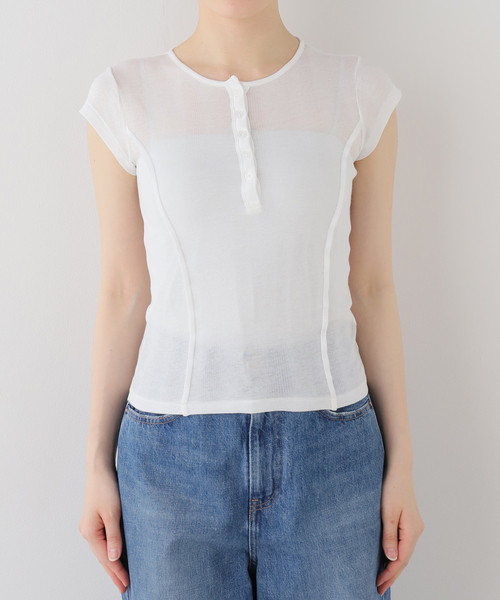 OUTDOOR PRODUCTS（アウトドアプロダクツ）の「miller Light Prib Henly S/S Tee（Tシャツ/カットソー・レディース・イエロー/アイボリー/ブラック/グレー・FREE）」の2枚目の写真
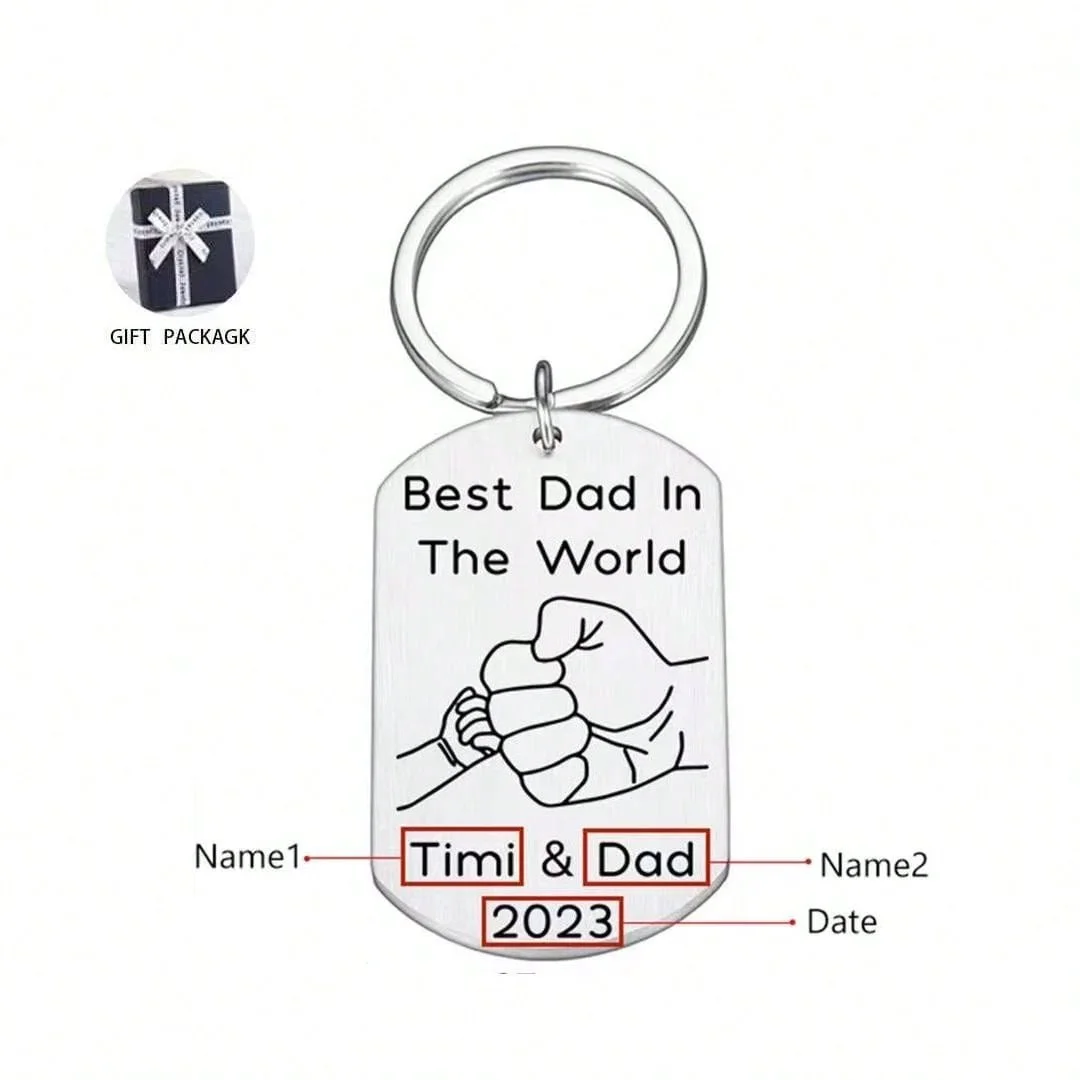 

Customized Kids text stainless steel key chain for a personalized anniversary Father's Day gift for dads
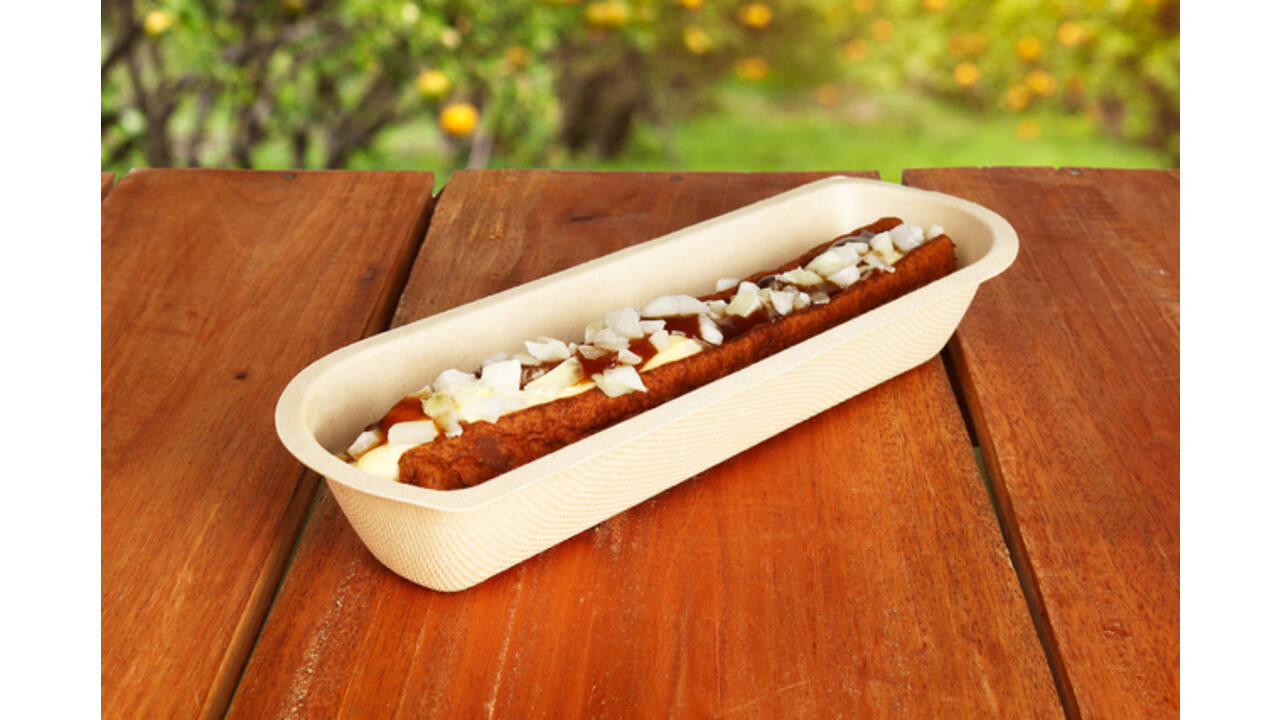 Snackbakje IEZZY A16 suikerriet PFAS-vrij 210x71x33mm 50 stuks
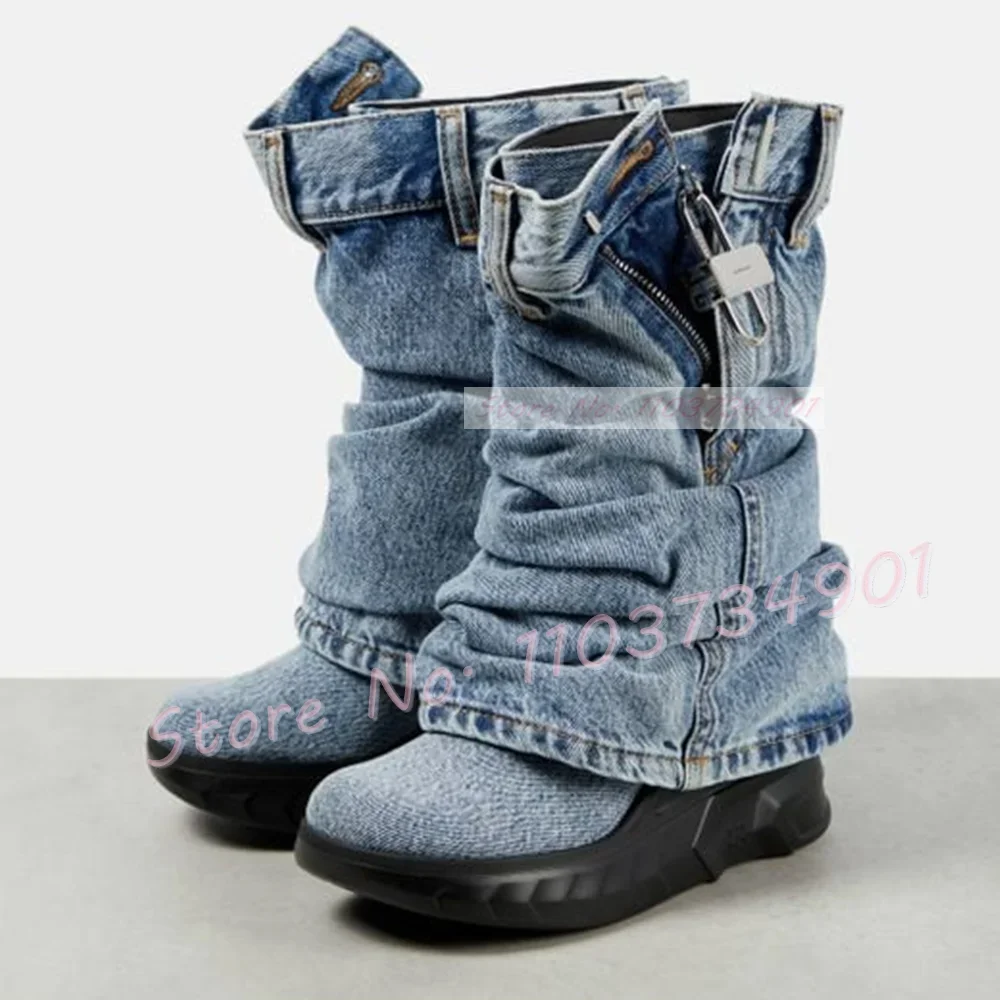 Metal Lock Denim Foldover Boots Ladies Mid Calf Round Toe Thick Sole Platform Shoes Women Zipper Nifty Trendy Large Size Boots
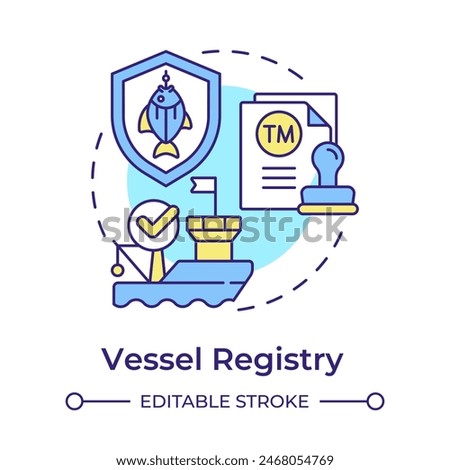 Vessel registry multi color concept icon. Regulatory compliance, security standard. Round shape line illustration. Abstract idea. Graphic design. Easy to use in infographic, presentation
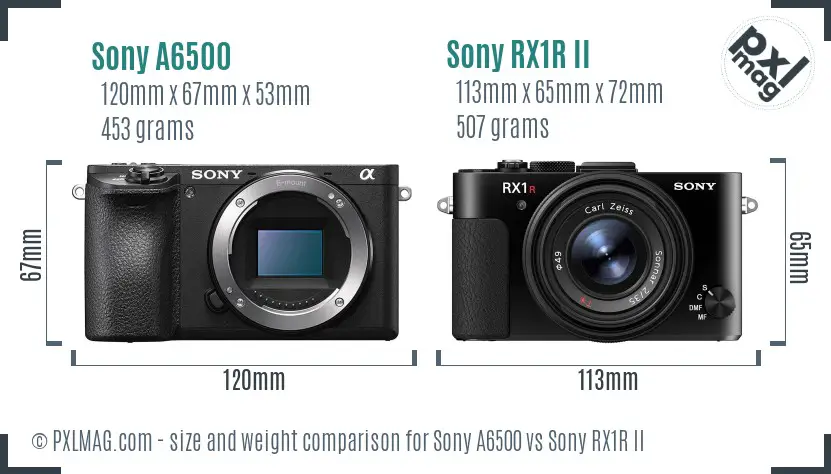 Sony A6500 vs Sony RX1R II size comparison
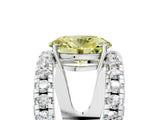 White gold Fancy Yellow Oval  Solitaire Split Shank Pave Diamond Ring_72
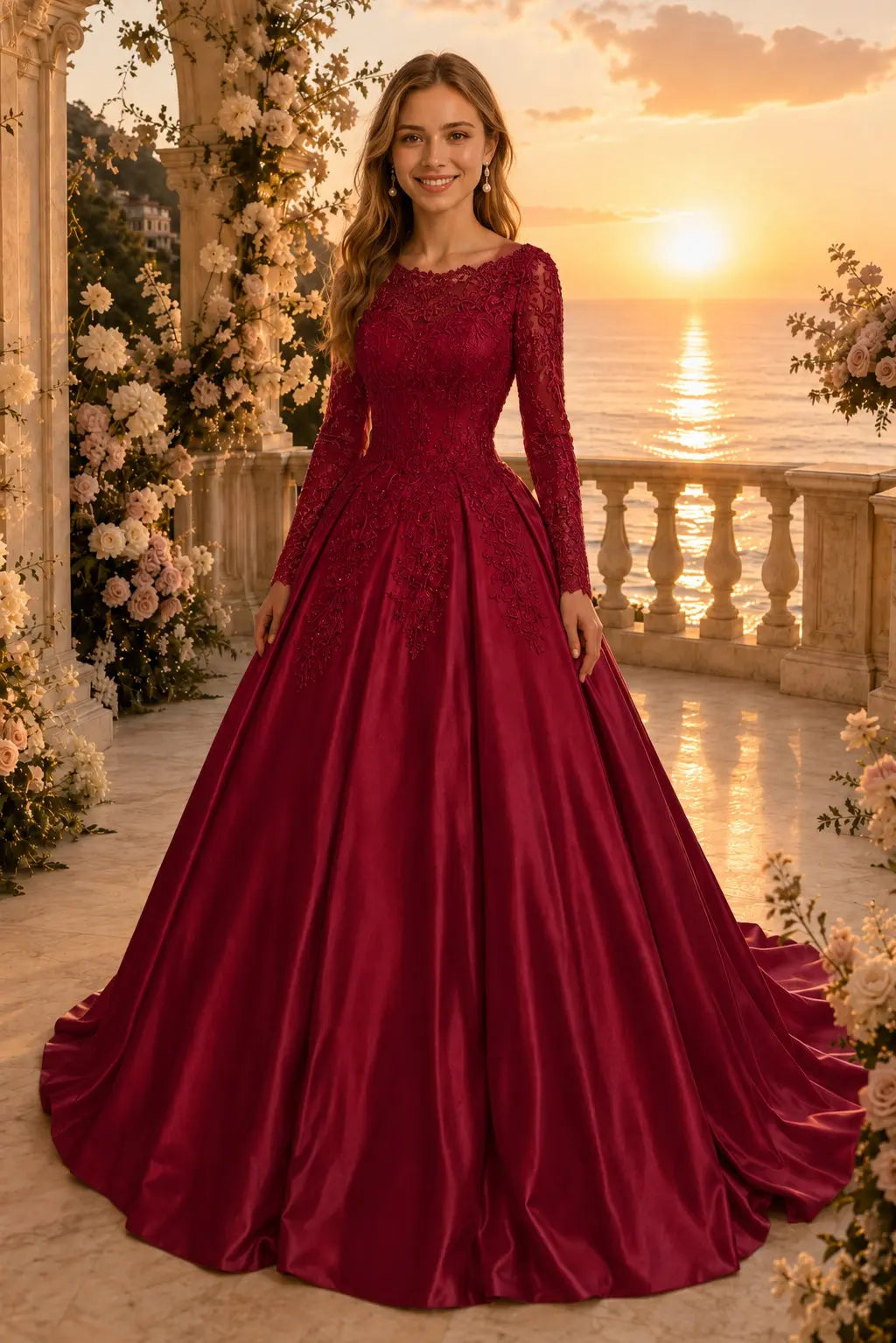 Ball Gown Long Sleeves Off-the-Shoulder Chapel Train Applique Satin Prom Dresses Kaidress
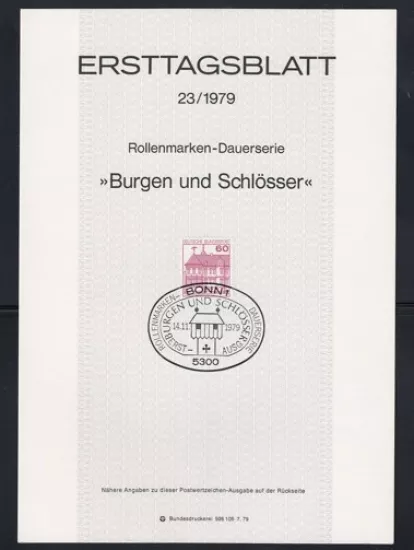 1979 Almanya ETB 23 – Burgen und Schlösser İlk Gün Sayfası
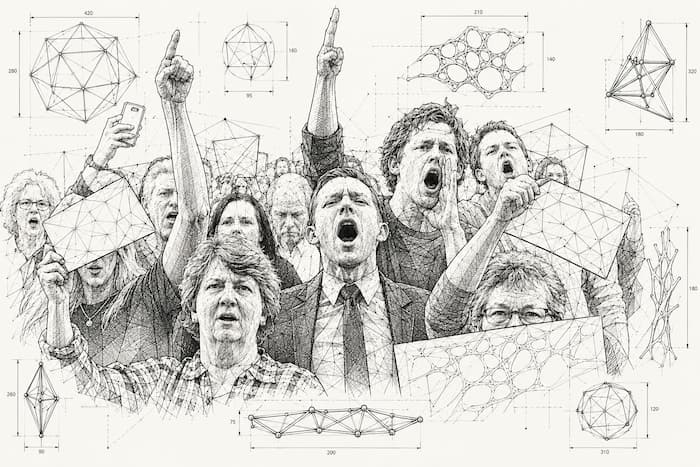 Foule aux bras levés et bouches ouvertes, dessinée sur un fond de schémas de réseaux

**Problem to solve**
Repeat everything in the entries above word for word, excluding the images.

**Written response**
 OUTDOOR PRODUCTS（アウトドアプロダクツ）の「miller Light Prib Henly S/S Tee（Tシャツ/カットソー・レディース・イエロー/アイボリー/ブラック/グレー・FREE）」の2枚目の写真

Customized Kids text stainless steel key chain for a personalized anniversary Father's Day gift for dads
 Snackbakje IEZZY A16 suikerriet PFAS-vrij 210x71x33mm 50 stuks
 Metal Lock Denim Foldover Boots Ladies Mid Calf Round Toe Thick Sole Platform Shoes Women Zipper Nifty Trendy Large Size Boots
 Vessel registry multi color concept icon. Regulatory compliance, security standard. Round shape line illustration. Abstract idea. Graphic design. Easy to use in infographic, presentation
 Sony A6500 vs Sony RX1R II size comparison
 White gold Fancy Yellow Oval  Solitaire Split Shank Pave Diamond Ring_72
 Ball Gown Long Sleeves Off-the-Shoulder Chapel Train Applique Satin Prom Dresses Kaidress
 1979 Almanya ETB 23 – Burgen und Schlösser İlk Gün Sayfası
 Foule aux bras levés et bouches ouvertes, dessinée sur un fond de schémas de réseaux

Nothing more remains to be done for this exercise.